James Rainbolt typically can tackle most problems at his rural water plant with some extra time or money.
But he can’t fix this.
“I just can’t make it rain,” he said.
Like others across southeast Kansas, Rainbolt remains helpless as he watches a persistent drought dry up the local water supply. He runs a public wholesale water supply district that provides the drinking water for several cities and rural water districts. The lack of rain has been so severe that it’s now threatening the water district’s intake pipe, which brings water from a local lake to the treatment plant.
As lake levels fall, the angle at which the 8-inch pipe meets a floating pump station grows steeper and steeper, stressing the flexible joint. If the joint breaks, the consequences would be catastrophic, instantly cutting the water supply for thousands of people, businesses and schools across three counties.
“If we break it, we have no water. Period,” said Jack Warren, the mayor of Sedan, a county seat about 100 miles southeast of Wichita and the largest customer of the water district.
This part of Kansas is suffering what the U.S. Drought Monitor characterizes as exceptional drought, its most severe category. While droughts frequently wreak havoc on agriculture here, residents are facing unprecedented challenges with drinking water supplies. This corner of the state, which lacks the vast underground aquifers that sit below much of Kansas, is overly reliant on surface water such as lakes and rivers.
That means small towns and ranches face tough and expensive choices on where to draw water from, a problem likely to increase as climate change brings more extreme weather. And it’s a quandary that stretches far beyond Kansas. Persistent drought is plaguing communities across the country’s interior: The map created by the U.S. Drought Monitor shows its deepest red pockets across Iowa, Kansas, Louisiana, Minnesota, Missouri, Nebraska and Texas, among other states.
Lack of rain has hit crops hard: In Missouri, for example, 40% of the state’s corn crop was classified as poor or very poor, according to the drought monitor. Iowa, the nation’s top corn producer, is in the midst of its worst drought in a decade with about 80% of the state in some measure of drought.
Prolonged drought has even reached the banks of Lake Superior: Parts of Wisconsin have the most severe drought designation for the first time since the 1999 inception of the U.S. Drought Monitor, said Dennis Todey, director of the U.S. Department of Agriculture’s Midwest Climate Hub.

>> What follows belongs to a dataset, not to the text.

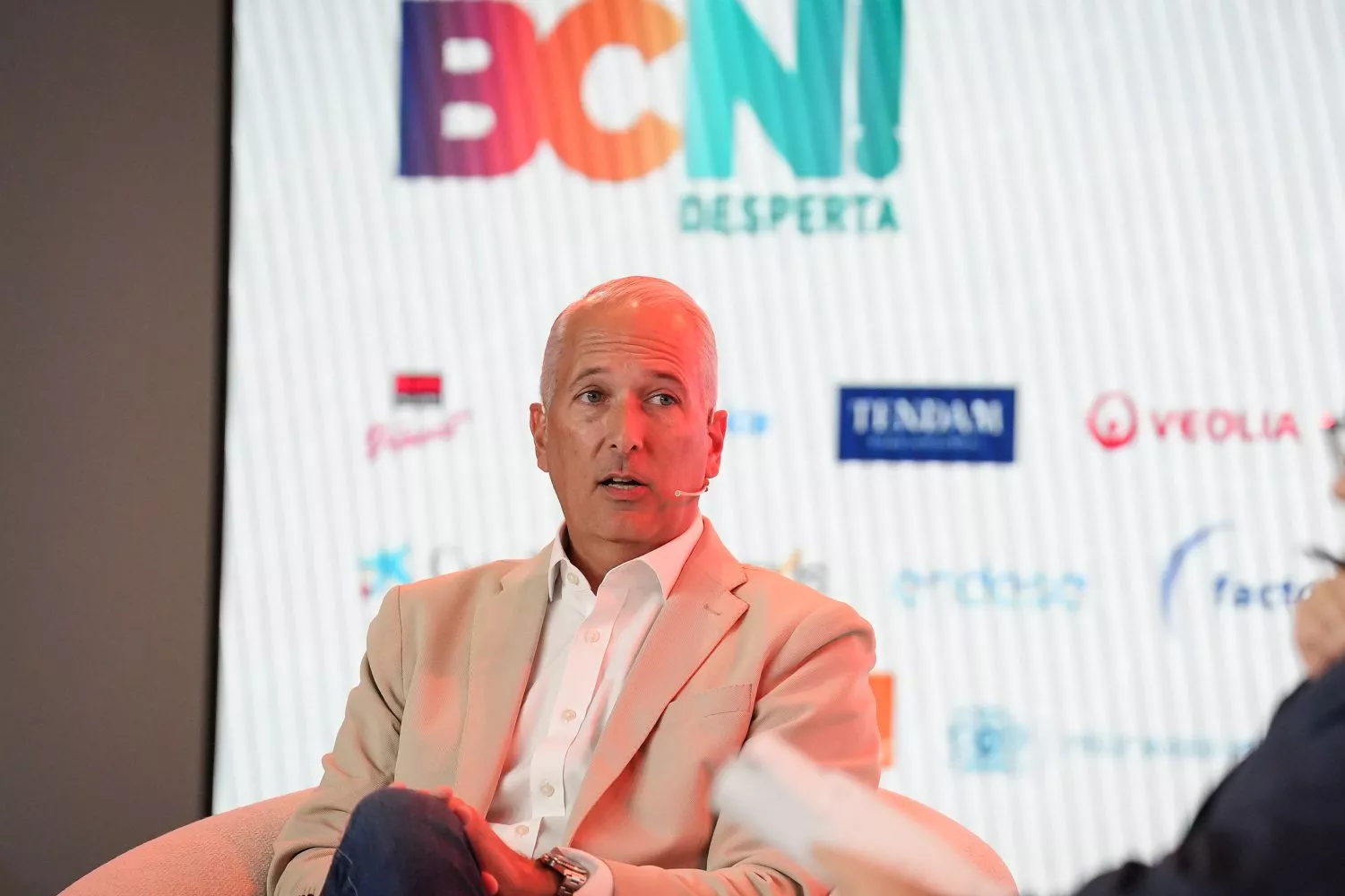 Markus Haupt, director general de Seat y Cupra, en el 'Barcelona Desperta' / SIMÓN SÁNCHEZ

“It’s the severity of the drought and the length of the drought that are causing some confounding issues right now,” he said.
In southeast Kansas, locals have taken extraordinary measures to conserve the dwindling lake water supply.
The city pool closed in the middle of the summer. So did the town’s only car wash.
Local schools shut off drinking fountains, furnishing bottled water instead.
A community of about 900 people, Sedan has banned residents from using tap water for plants or lawns, forcing some to get creative. The mayor, for one, has been collecting the water that drains off his basement air conditioning unit to keep outdoor plants alive. The local movie theater is doing the same, allowing locals to come pick up its air conditioning runoff.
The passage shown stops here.